*** RECORDS SUPPLIED ***

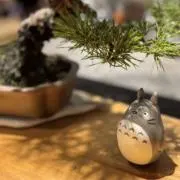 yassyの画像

*** End of RECORDS SUPPLIED ***
*** RECORDS SUPPLIED ***

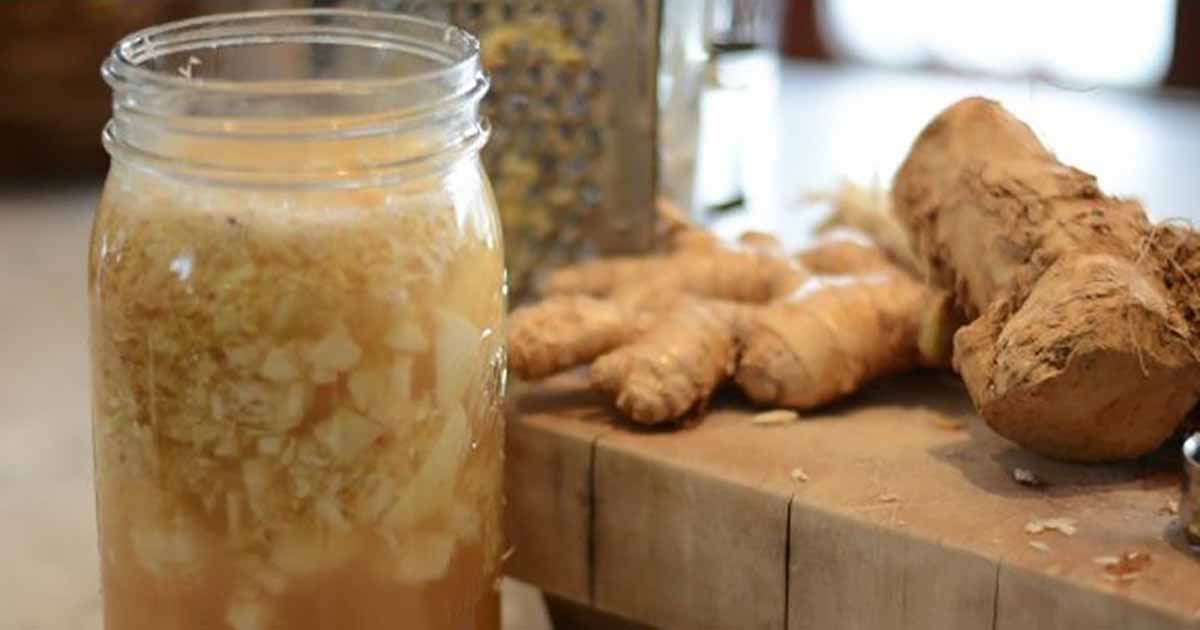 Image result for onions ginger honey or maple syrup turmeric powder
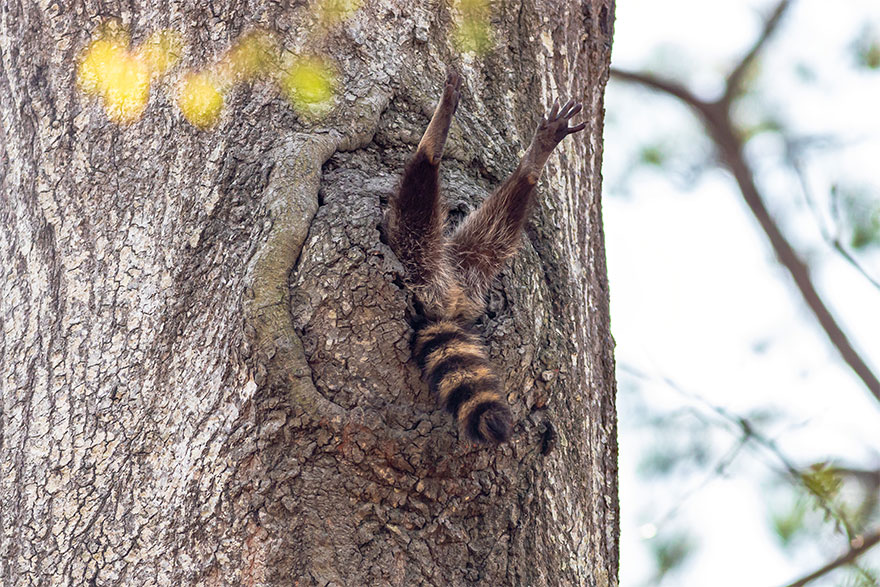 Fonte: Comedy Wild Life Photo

*** End of RECORDS SUPPLIED ***
*** RECORDS SUPPLIED ***

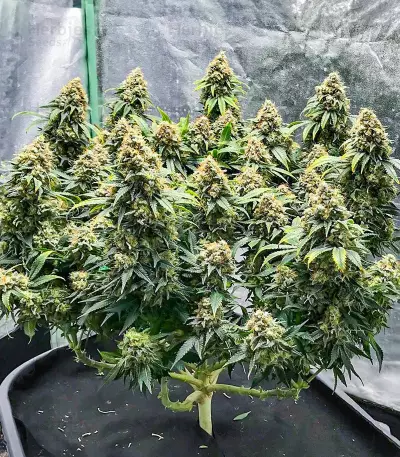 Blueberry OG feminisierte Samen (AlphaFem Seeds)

*** End of RECORDS SUPPLIED ***

_REQUIRED WORK_
Write out exactly the lines above between the one with "Image result for" and the one with "Fonte: Comedy Wild Life Photo", inclusive, with pictures left out.

_EXERCISE ANSWER_
 Image result for onions ginger honey or maple syrup turmeric powder
 Fonte: Comedy Wild Life Photo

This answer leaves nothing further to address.